Конечно, важнейший вопрос в успехе этих «олимпийских игр» — драматическая сила главных масок. Режиссер пошла, в общем, единственно понятным сегодня путем, назначая на роли молодых влюбленных персонажей-актеров того же возраста и темперамента. Подходящего Вакха, как было уже сказано, в труппе она не обнаружила и от этой роли, собственно, отказалась, воспользовавшись интересным театральным приемом. Зато Тезеев и Ариадн — четыре состава (студийный принцип в действии). Во всяком случае, Евгений Дятлов убедительно и легко играет этакого «воина-спортсмена», прямолинейность убеждений которого, в итоге, противоречит алогичной и иррациональной природе любви. Он даже представить себе не может, чтобы женщина решилась отказаться от гарантированного вечного блаженства ради неразумной земной любви к не-богу, и отдает ее другому из лучших побуждений, отдает «самоотверженно». Такова трагическая вина, как видит ее Цветаева: предательство в природе героев и победителей. Чувственную и метафизическую правду афродитиной любимицы Ариадны в игре Ирины Зубковой мы лишь угадываем. С психологической «подкладкой» сыграны Дмитрием Евстафьевым и Юрием Ицковым цари-родители Эгей и Минос, и они уверенно ведут в общей игровой партитуре мрачный мотив, намекая если не на трагедию, то, во всяком случае, на безрадостную басню.
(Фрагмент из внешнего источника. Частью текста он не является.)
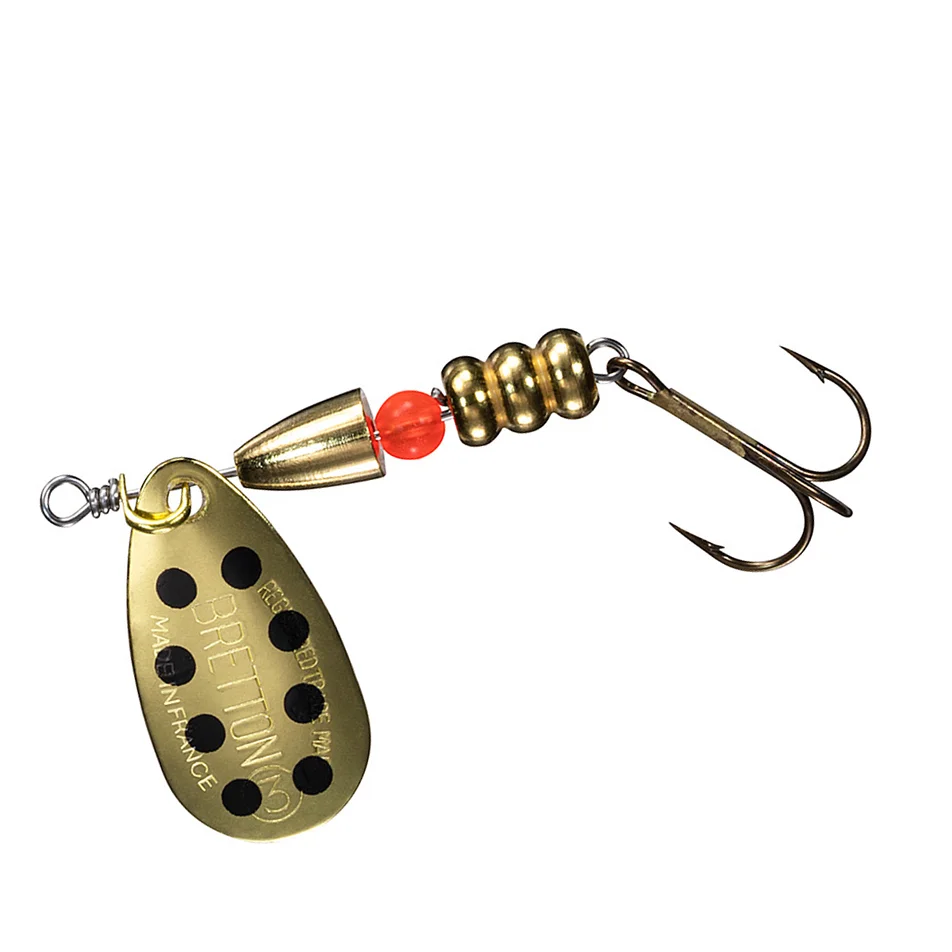 Блесна Daiwa Bretton #1 Black/Gold (2шт)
Коварный Минотавр поэтической драмы — стихотворный текст Цветаевой — неожиданно оказался приручен молодыми актерами, он по большей части звучит живо, энергично, эмоционально, музыкально, ясно и наполненно. Стихи чувственные, изысканные, принадлежащие поэзии начала ХХ века, входят в стилевое несоответствие с атмосферой тюзовской сказки, иногда возникающей в действии. Режиссера, кажется, как мифический рок, преследовали «комплексы» сложности поэтической трагедии для простого зрителя. Вот так же неизлечимо заурядная мужская суперменская природа отняла счастье у непонятой, необычной цветаевской героини. Впрочем, веселые сатиры еще шесть веков назад разыгрывали истории про подвиги Тезея не вполне всерьез.